WORK INSTRUCTION> Precisely the lines from the one with "1L MR.Ganick SOLUBLE" through the end of the data, both included, must make up the response, each restated word for word.

DATA SUPPLIED>
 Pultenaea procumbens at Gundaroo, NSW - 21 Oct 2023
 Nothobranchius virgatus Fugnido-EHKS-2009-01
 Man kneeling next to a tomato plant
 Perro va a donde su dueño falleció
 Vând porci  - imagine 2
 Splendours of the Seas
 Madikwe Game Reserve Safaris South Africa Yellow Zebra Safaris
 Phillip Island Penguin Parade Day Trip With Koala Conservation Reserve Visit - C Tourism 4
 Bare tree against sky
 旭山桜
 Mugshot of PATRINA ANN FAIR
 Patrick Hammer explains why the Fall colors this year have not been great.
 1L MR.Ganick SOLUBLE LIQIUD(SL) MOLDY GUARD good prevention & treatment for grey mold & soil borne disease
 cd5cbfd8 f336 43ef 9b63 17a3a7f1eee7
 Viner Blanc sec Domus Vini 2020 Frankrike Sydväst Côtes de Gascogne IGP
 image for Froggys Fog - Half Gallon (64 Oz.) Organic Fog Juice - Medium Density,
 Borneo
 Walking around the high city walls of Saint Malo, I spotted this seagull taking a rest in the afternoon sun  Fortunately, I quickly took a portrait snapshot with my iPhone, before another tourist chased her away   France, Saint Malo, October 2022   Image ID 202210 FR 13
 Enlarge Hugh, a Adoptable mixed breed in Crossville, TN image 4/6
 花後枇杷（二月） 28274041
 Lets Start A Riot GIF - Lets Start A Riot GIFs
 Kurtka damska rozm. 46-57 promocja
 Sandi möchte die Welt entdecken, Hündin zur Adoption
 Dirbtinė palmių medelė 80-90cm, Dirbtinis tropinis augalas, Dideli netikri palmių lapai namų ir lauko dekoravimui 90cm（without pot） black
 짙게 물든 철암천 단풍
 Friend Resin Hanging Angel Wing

COMPLETED EXERCISE>
 1L MR.Ganick SOLUBLE LIQIUD(SL) MOLDY GUARD good prevention & treatment for grey mold & soil borne disease
 cd5cbfd8 f336 43ef 9b63 17a3a7f1eee7
 Viner Blanc sec Domus Vini 2020 Frankrike Sydväst Côtes de Gascogne IGP
 image for Froggys Fog - Half Gallon (64 Oz.) Organic Fog Juice - Medium Density,
 Borneo
 Walking around the high city walls of Saint Malo, I spotted this seagull taking a rest in the afternoon sun  Fortunately, I quickly took a portrait snapshot with my iPhone, before another tourist chased her away   France, Saint Malo, October 2022   Image ID 202210 FR 13
 Enlarge Hugh, a Adoptable mixed breed in Crossville, TN image 4/6
 花後枇杷（二月） 28274041
 Lets Start A Riot GIF - Lets Start A Riot GIFs
 Kurtka damska rozm. 46-57 promocja
 Sandi möchte die Welt entdecken, Hündin zur Adoption
 Dirbtinė palmių medelė 80-90cm, Dirbtinis tropinis augalas, Dideli netikri palmių lapai namų ir lauko dekoravimui 90cm（without pot） black
 짙게 물든 철암천 단풍
 Friend Resin Hanging Angel Wing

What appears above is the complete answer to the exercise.